Scientists have found evidence that stress can cause hair graying - prostoalex
https://www.sciencedaily.com/releases/2020/01/200122135313.htm
======
pintxo
Previously:
[https://news.ycombinator.com/item?id=22173776](https://news.ycombinator.com/item?id=22173776)

------
wnkrshm
That's a pretty alarming finding to be honest. It's not just hair graying,
it's also all kinds of other tissue damage that can occur, as the last few
paragraphs hint at.

Stress may just kill us more directly than we've suspected, instead of through
its physiological effects like e.g. elevated blood pressure and the effects
from that.

------
dana321
Something interesting i found.

Magnesium attenuates the release of norepinephrine on the nerve cells (as
mentioned in the article, its norepinephrine that causes the greying)

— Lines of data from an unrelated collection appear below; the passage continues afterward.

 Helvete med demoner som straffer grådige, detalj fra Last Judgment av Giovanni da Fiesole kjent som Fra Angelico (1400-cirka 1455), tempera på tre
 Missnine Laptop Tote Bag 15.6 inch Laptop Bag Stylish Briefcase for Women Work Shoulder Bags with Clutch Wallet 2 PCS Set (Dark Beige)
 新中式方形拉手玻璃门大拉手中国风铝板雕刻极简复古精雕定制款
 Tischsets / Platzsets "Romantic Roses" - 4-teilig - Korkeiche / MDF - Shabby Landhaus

[https://www.ncbi.nlm.nih.gov/pubmed/15477382](https://www.ncbi.nlm.nih.gov/pubmed/15477382)

Its also known that during stressful situations, including extreme exercise,
magnesium is depleted and excreted in urine.

[https://www.ncbi.nlm.nih.gov/books/NBK507250/](https://www.ncbi.nlm.nih.gov/books/NBK507250/)

[https://www.ncbi.nlm.nih.gov/pubmed/17172008](https://www.ncbi.nlm.nih.gov/pubmed/17172008)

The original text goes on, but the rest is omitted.